Pig margins can remain stable until Brexit, says analyst

The margins British pig producers are receiving can be maintained until the UK leaves the EU in 2020, according to consultant and market analyst, Peter Crichton.

The GB APP (UK spec) price for the week ending 29 April was 156.18p/kg, 38% up on the year before.

Producers with finishing units were averaging 135-140p/kg for finished animals, which were achieving a margin of 13-14p/kg, helped by an increase in value of about £33 a head on the previous year.

See also: NPA research shows pig welfare differences across world

This was producing sustainable returns for most producers, said Mr Crichton.

“The feasibility of maintaining these margins is reasonably firm.

“European production is down; our production is down and the Chinese market is helping us at the moment.”

Mr Crichton said a shortage in supply was driving the market rather than higher demand.

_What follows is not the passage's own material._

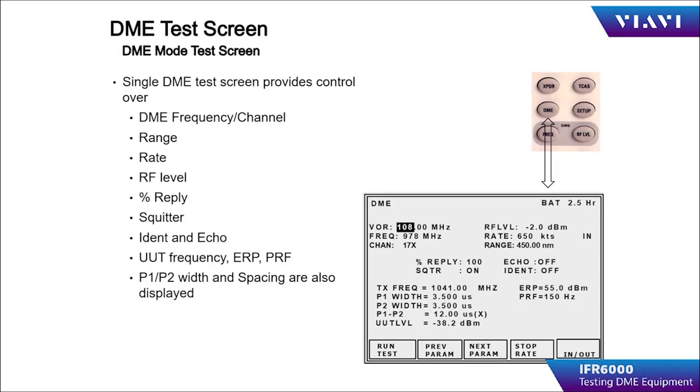The range and velocity can be adjusted during the simulation using the range and rate keys. With all simulation parameters set up, the operator can press the RUN-TEST soft key to start the scenario. The UUT should respond with the simulated range and velocity. During testing, the IFR-6000 should display the measured parameters from the DME receiver transmitter, such as frequency, power output level, PRF, and pulse parametrics. The sensitivity of the receiver can be determined by reducing the RF output level until the DME loses lock on the test signal, usually indicated by the UUT no longer displaying range or velocity.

The latest AHDB Pork figures showed estimated GB slaughterings were 2.2% down on the previous week to 159,600 for the week ending 29 April – 8% down on the year before.

“Everyone would have traded for this position at the start of the year, no one would have dreamed that prices would have been this high,” added Mr Crichton.

But the consultant warned the real test would come post Brexit, when intensive markets such as Brazil, the US and Canada could have trade deals with the UK and flood the market with cheaper, low welfare standard pork.

“What will also hinder us [post Brexit] is going back to square one with Chinese export health certificates which could affect exports,” he added.